- _Directions_
Write out the whole listing exactly; no images belong in it.

◇ ◇ ◇ ◇ ◇

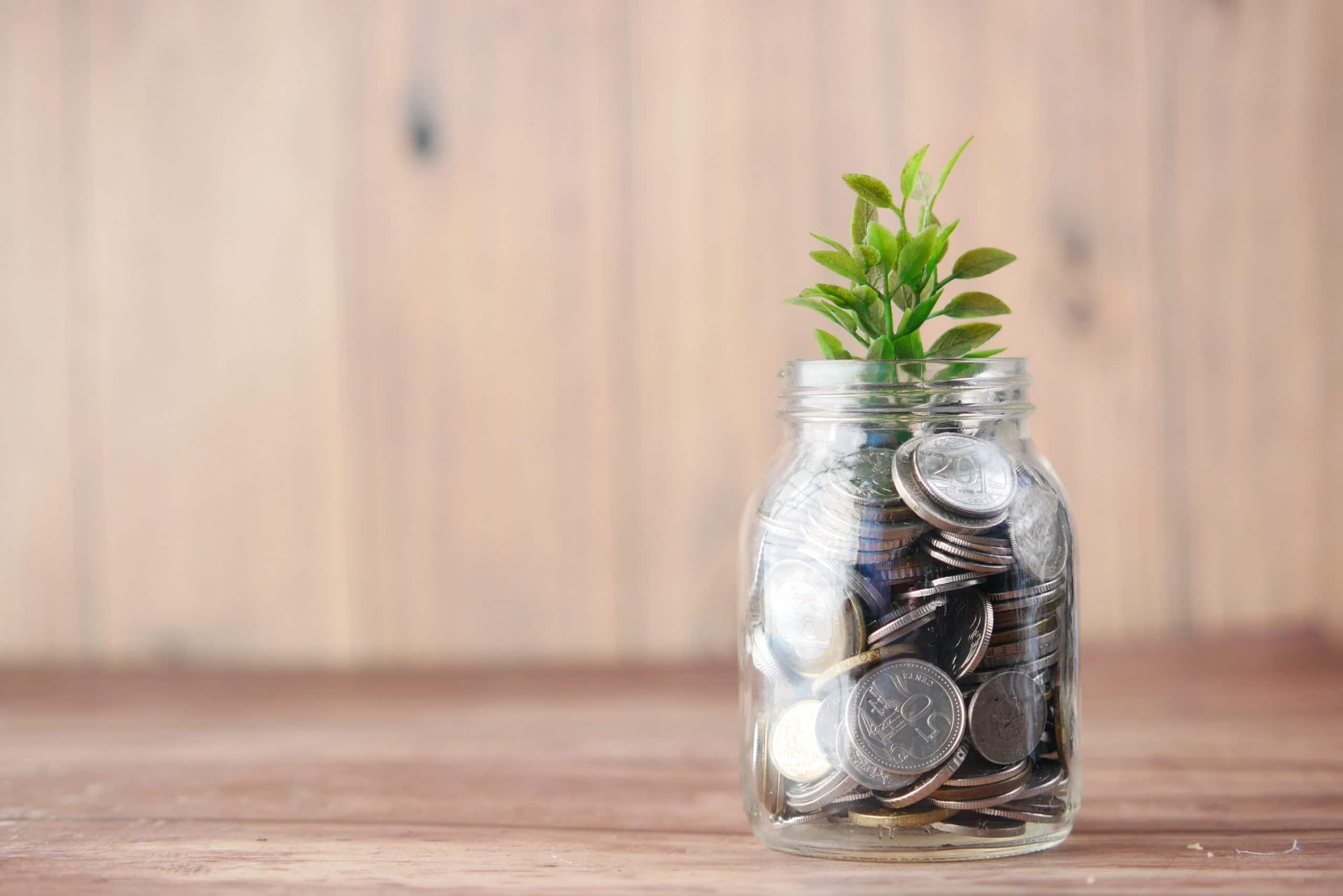 A jar filled with money and a plant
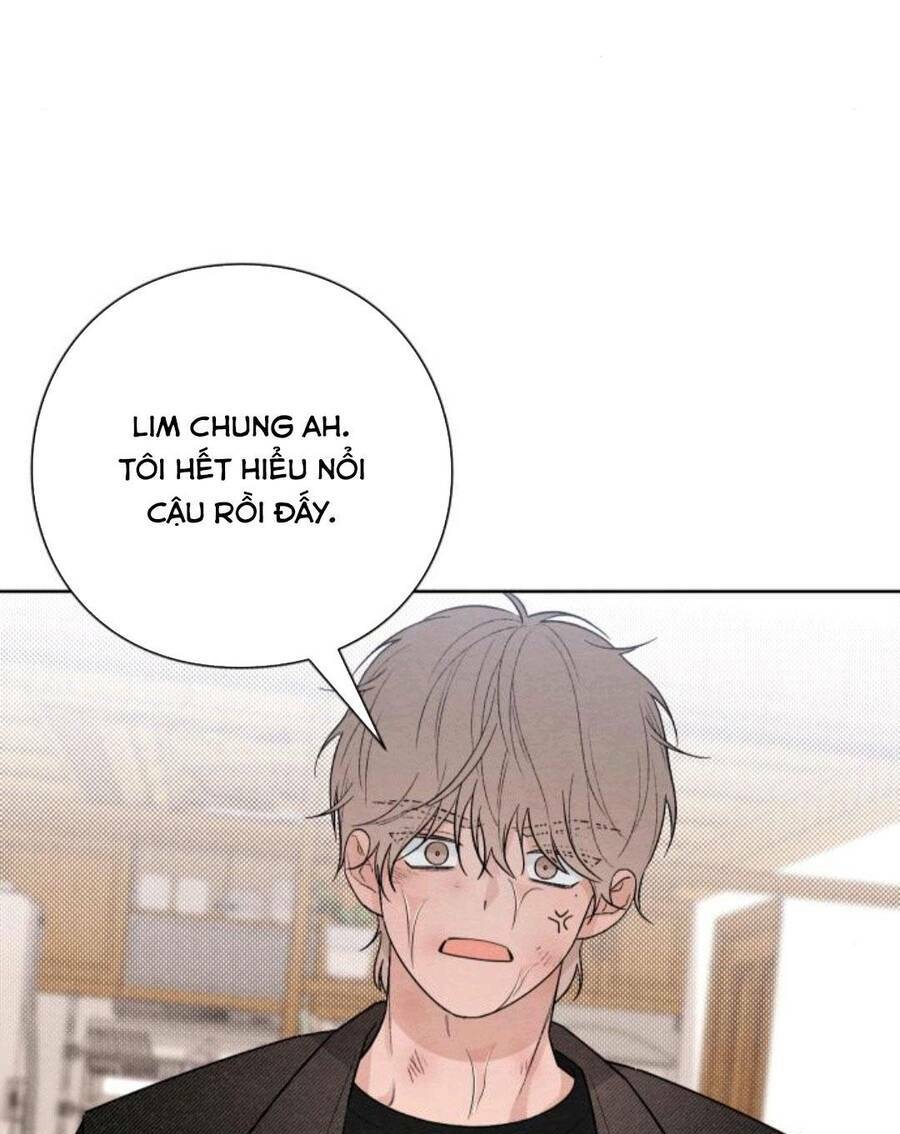 Bí Mật Thanh Xuân: Chapter 28
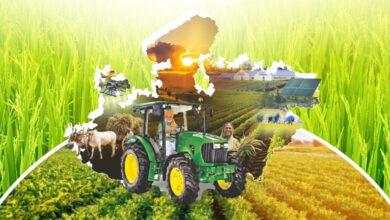 दलहन – तिलहन फसल व रकबा सत्यापन हेतु नया निर्देश, किसान पंजीयन तिथि 20 अप्रैल तक बढ़ा दलहन – तिलहन फसल व रकबा सत्यापन हेतु नया निर्देश, किसान पंजीयन तिथि 20 अप्रैल तक बढ़ा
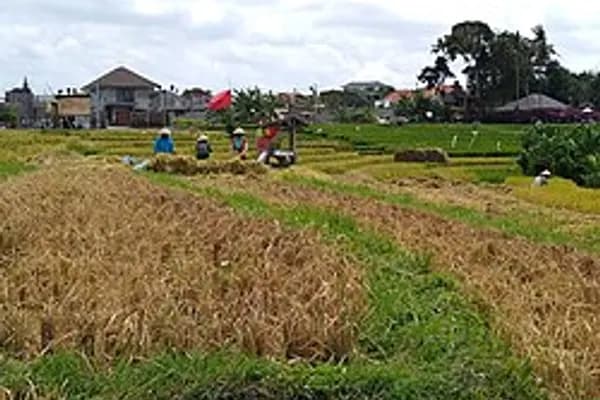 Canggu photo 5
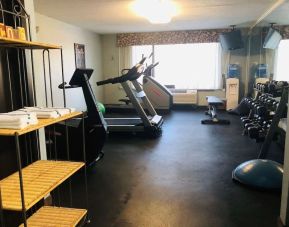 Fitness center available Delux king room bath at Radisson Hotel Schaumburg.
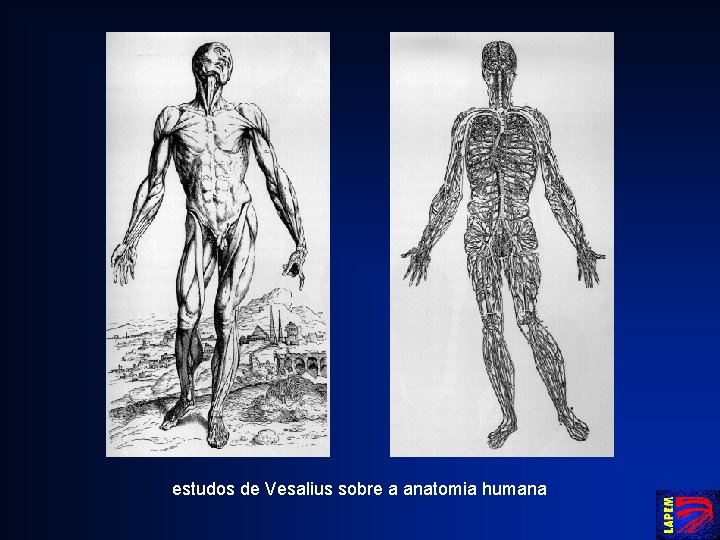 estudos de Vesalius sobre a anatomia humana 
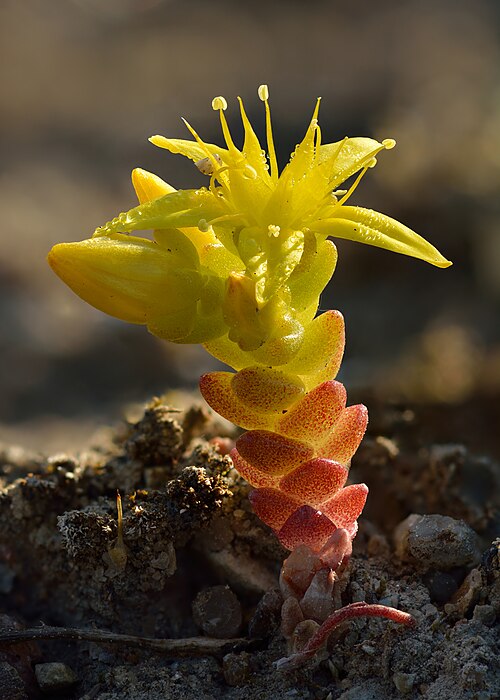Biting stonecrop: Goldmoss stonecrop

◇ ◇ ◇ ◇ ◇

- _Written answer_
 A jar filled with money and a plant
 Bí Mật Thanh Xuân: Chapter 28
 दलहन – तिलहन फसल व रकबा सत्यापन हेतु नया निर्देश, किसान पंजीयन तिथि 20 अप्रैल तक बढ़ा दलहन – तिलहन फसल व रकबा सत्यापन हेतु नया निर्देश, किसान पंजीयन तिथि 20 अप्रैल तक बढ़ा
 Canggu photo 5
 Fitness center available Delux king room bath at Radisson Hotel Schaumburg.
 estudos de Vesalius sobre a anatomia humana 
Biting stonecrop: Goldmoss stonecrop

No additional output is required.